[PROVIDED ENTRIES]

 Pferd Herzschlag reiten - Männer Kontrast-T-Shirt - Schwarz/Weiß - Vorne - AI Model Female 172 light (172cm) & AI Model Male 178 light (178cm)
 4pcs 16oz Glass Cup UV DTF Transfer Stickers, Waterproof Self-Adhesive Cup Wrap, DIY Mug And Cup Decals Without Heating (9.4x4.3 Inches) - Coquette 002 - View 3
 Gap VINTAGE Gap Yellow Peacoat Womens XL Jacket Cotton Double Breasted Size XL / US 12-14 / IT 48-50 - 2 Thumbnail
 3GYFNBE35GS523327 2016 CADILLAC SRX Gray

[/PROVIDED ENTRIES]
[PROVIDED ENTRIES]

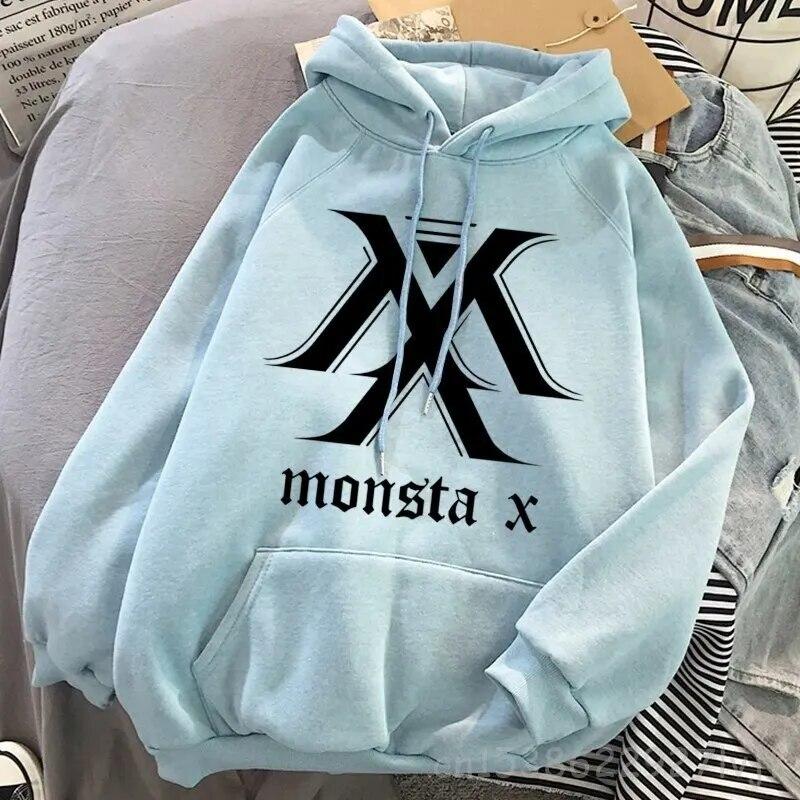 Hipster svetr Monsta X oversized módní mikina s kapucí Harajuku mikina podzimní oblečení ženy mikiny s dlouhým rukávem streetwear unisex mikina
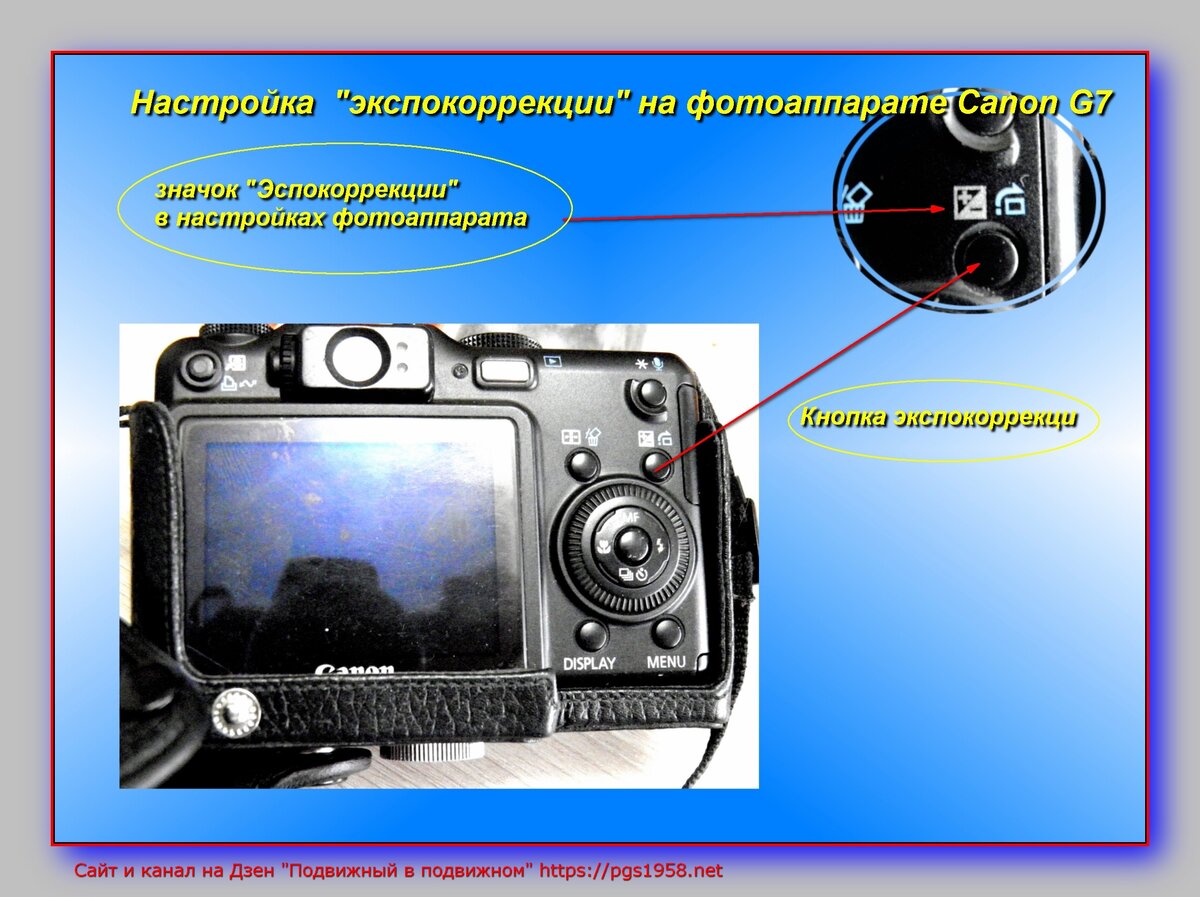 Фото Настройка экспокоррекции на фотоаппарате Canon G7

[/PROVIDED ENTRIES]

Skipping the pictures, print the lines in the listing above exactly as written, starting at the line with "Hipster svetr Monsta" and ending at the line with "Фото Настройка экспокоррекции", both included.

▸ **SOLUTION**:
 Hipster svetr Monsta X oversized módní mikina s kapucí Harajuku mikina podzimní oblečení ženy mikiny s dlouhým rukávem streetwear unisex mikina
 Фото Настройка экспокоррекции на фотоаппарате Canon G7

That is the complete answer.